The entrepreneur rapper and Team Roc — the social justice arm of Roc Nation that Jay-Z founded — offered their support after learning that no charges were brought against Joseph Mensah, the officer who shot Cole on February 2.
Cole was shot and killed outside a Wauwatosa mall when police responded to a disturbance call, police said. Wauwatosa Police Chief Barry Weber told reporters at the time that Cole fired a gun before an officer returned fire.
Milwaukee County District Attorney John T. Chisholm said there was “sufficient evidence” showing that Mensah believed deadly force was necessary and “that belief was objectively reasonable.”

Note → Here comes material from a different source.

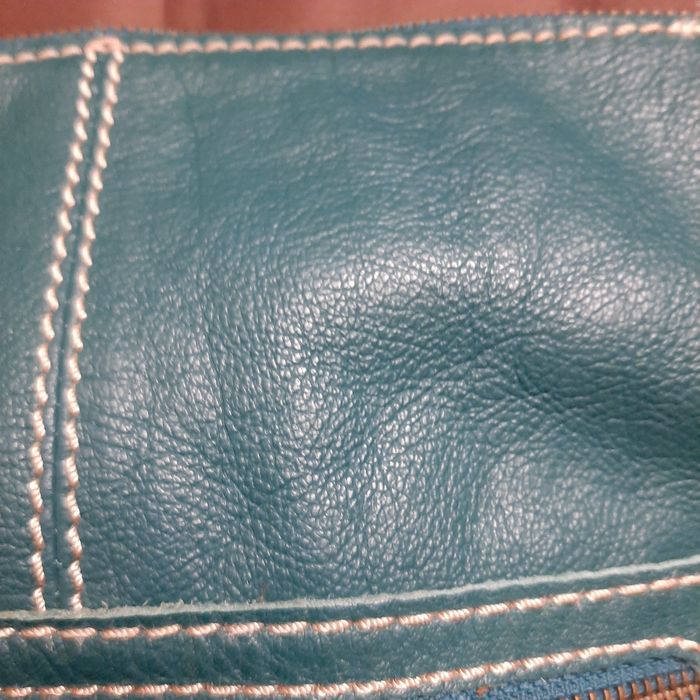 Кожаная сумка в отличном состоянии.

Chisholm’s decision to not charge Mensah has sparked protests in the city. They come in the wake of national demonstrations over law enforcement’s treatment of Black Americans.
Some two dozen people were arrested Thursday, two of whom asked for medical attention, Wauwatosa police said in a news release Friday. Alvin’s mother and sisters were also arrested.
“Our hearts break for the family of Alvin Cole and the Wauwatosa community,” Dania Diaz, director of Team Roc, said in a statement. “Not only did the District Attorney’s Office fail to hold Officer Joseph Mensah accountable for killing Alvin, but the local police also arrested and injured Alvin’s mother Tracy and his sisters as they peacefully protested alongside Jacob Blake’s father.”
Jay-Z and Team Roc are also calling on Wisconsin Gov. Tony Evers to appoint a special prosecutor to investigate the shooting.
In July, Jay-Z took out a full-page ad in the Milwaukee Journal Sentinel calling for Mensah’s prosecution.
This isn’t the first time Jay-Z has been vocal on social justice issues. The billionaire took out full-page ads across the country in dedication to George Floyd in June and in 2015 posted bail for protesters marching against police brutality.